I didn’t really mean to wait until the day before my vacation to go shopping for new jeans. I tried to start the quest earlier. A couple of weeks ago, I needed clothes appropriate for jury duty. I was spending time in department stores, looking for plain black pants. It made sense to look at jeans while I was out and about. It made sense, but it was depressing.

Jeans aren’t jeans any more. When I want new jeans, I want five pockets, straight legs and one hundred per cent cotton denim. Dark blue denim, not faded or stone-washed and certainly not already worn out. Why in the world would anyone want to pay good money for jeans with holes in them? I can wear holes in them all by myself, thank you very much. And don’t even get me started on embellishments.

So I looked at jeans a couple of weeks ago, but my real goal was to get black dress pants and that was a whole lot easier, so I gave up on the jeans. I had time. I had weeks. Surely there would be better hunting after I fulfilled my obligation to the judicial system. That’s what I thought.

I kept putting it off. I remembered a previous jeans-shopping trip when I tried on twenty-four pairs of jeans without finding even one that fit. I didn’t want to face it, but I needed new jeans for this vacation. There will be canyons. There will be deserts. There will be hiking. My old jeans were getting so frayed, they were almost trendy. I’m an old lady; I don’t wear trendy jeans.

This morning, I set out. My usual first stop on a quest for jeans is the local thrift store. Manufacturers don’t seem to make classic jeans any more, so I try to find them gently used. I drove to the thrift store, but it was closed. According to the hours posted on the door, it should have been open, but there was another sign on the door, a handwritten sign that said, “Store is closed.” Succinct. Undeniable.

I was forced to move on. To a real store, with actual new blue jeans. Two stores. The first store had some interesting knit pants, but not a single pair of jeans that I even wanted to try on. Not only did they all have spandex in them, they were all “skinny.” I don’t do skinny. I did buy some knit pants, in a size I couldn’t believe was really my size. The brand runs small, that’s what I’m saying.

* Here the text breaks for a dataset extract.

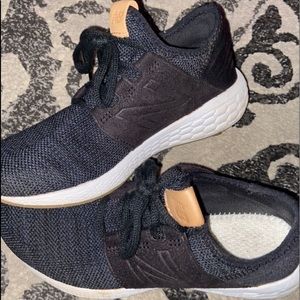 New Balance Tennis Shoes 6.5 Women’s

Fortunately, the next store had jeans. They even had some with straight legs and some that were boot-cut. I was thrilled. They’re not perfect jeans. One pair is too long and the other pair has odd pockets. Both pairs have a tiny bit of spandex in them, but neither pair is frayed or slashed or faded or skinny. I called it a successful shopping trip and hurried home to pack. Yes, I washed my new jeans first. I don’t want to be hiking those canyons in jeans with odd lint patterns where the size stickers were.

2 thoughts on “Jeans

  1. sarahcotchaleovitch

    I feel your pain. I do own already worn out jeans–not because I like the look but because they fit, and when you’ve tried on umpteen pair, you sometimes just give up and buy the ones that don’t make you look seven months pregnant. And don’t get me started on skinny. Some people can pull it off. Some. Almost never of the male species. And not this girl, either. My current favorites are for “curvy” figures.

    1. releaf1954 Post author

      I love my old jeans. I wish the company still made them, but they’ve added spandex to everything now. Oh, well – at least it’s only 1% in my new jeans.